Dans ce contexte, la redistribution des terres — notamment celles laissées en friche ou accaparées abusivement — n’est pas un projet idéologique : c’est une nécessité politique et morale, issue d’une mémoire encore vive car la structure foncière actuelle est clairement un héritage de l’apartheid. Elle est inscrite dans la Constitution adoptée en 2018. Sa mise en oeuvre est lente: guère plus de 10% des terres ont été redistribuées depuis 2020 (Banque Mondiale, 2023) dans le cadre de l’Expropriation Act.

Lors d’un séminaire organisé le 11 mars 2025 à l’Université du Western Cape, Ruth Hall, directrice par intérim de l’Institut pour la pauvreté, la terre et les études agraires (Institute for Poverty, Land and Agrarian Studies), souligne que, depuis trois décennies, le gouvernement sud-africain n’a pas fait de la redistribution des terres une priorité. « Durant toutes ces années, au lieu de faire usage de ses prérogatives constitutionnelles, l’État a préféré acheter des terres, n’en redistribuant au final que 11 % des terres agricoles privées. Nous vivons dans un monde secoué par la désinformation et les fausses nouvelles – où l’on affirme, sans la moindre preuve, que les terres des Blancs seraient confisquées, qu’un génocide blanc serait en cours en Afrique du Sud. Ce faisant, la politique foncière a été occultée, et le récit public s’est focalisé sur les peurs et les intérêts des propriétaires terriens. Ce qui a été oublié dans tout cela, ce sont les voix des sans-terre, qui militent pour l’expropriation des terres». Le ministre du Développement rural et de la Réforme agraire, Mzwanele Nyhontso, présent lors des débats, expliquait qu’il fallait « trouver un équilibre entre l’approche capitaliste de la terre comme marchandise et son usage comme instrument de justice et de réparation équitable ».

 Le nombre de fermiers blancs (et leurs familles) qui ont quitté le pays entre 2010 et 2020 est estimé à 15 000 (source : AgriSA), parmi lesquels 20 % seraient revenus selon une enquête de Farmer’s Weekly (2023).

Quant à parler de génocide.....la Maison Blanche devrait regarder vers Gaza et cesser ces mises en scène obcènes.

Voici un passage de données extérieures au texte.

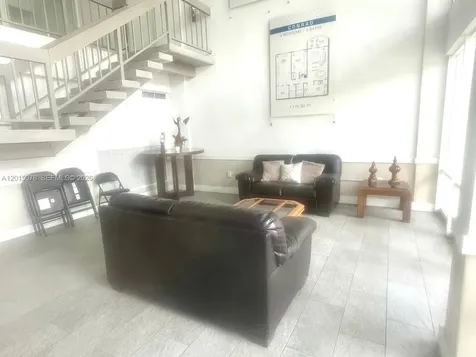 488 NW 165th St Road Miami FL 33169
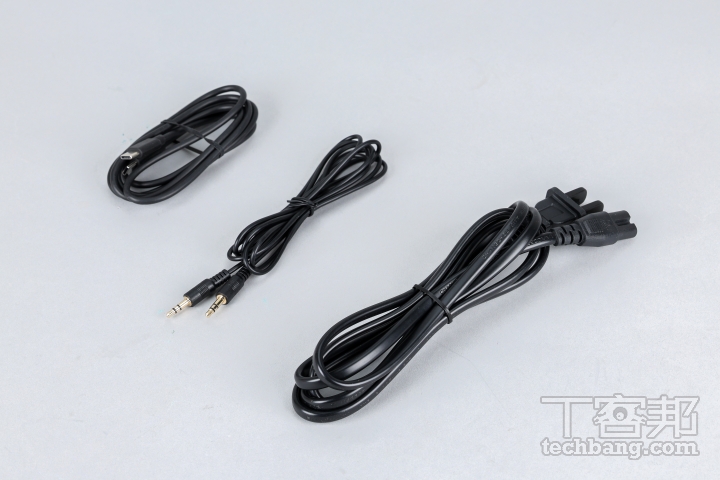 配件除了遙控器與電池之外，還配配備了電源線、USB 線和 3.5mm 音源線。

Dans le théâtre grotesque qu’est devenu le Bureau ovale, Donald Trump joue les pitres en dénonçant un prétendu génocide sud-africain – une fable éhontée, alors que sous les bombes, 50 000 femmes et enfants palestiniens ont été tués en quelques mois, un massacre qu’il ignore avec un cynisme calculé. Pendant que le sang coule réellement à Gaza, on détourne l’attention vers des fictions racialistes, où les morts n’ont de valeur qu’à travers leur couleur de peau, leur utilité médiatique ou leur symbolisme politique. Deux poids, deux mesures : des larmes crocodiles pour 46 fermiers blancs tués en 2022, selon la Police nationale sud-africaine (South African Police Service), érigés en "génocide" qui s’inscrivent dans un total national de 23 000 homicides en Afrique du sud pour cette année là, touchant majoritairement des townships noirs; un silence complice sur les femmes et les enfants palestiniens écrasés sous les décombres, pourtant filmés en direct dans leur détresse. Cette hypocrisie ne trompe plus personne. Parler de "génocide" en Afrique du Sud alors qu’on finance l’extermination de Gaza , l’un des plus grands crimes de ce siècle, c'est ajouter l’imposture des mots à la cruauté des actes, " Les mots menteurs, les mots qui endorment, les mots qui étouffent, les mots qui assassinent" (Victor Hugo, "Actes et Paroles", 1875).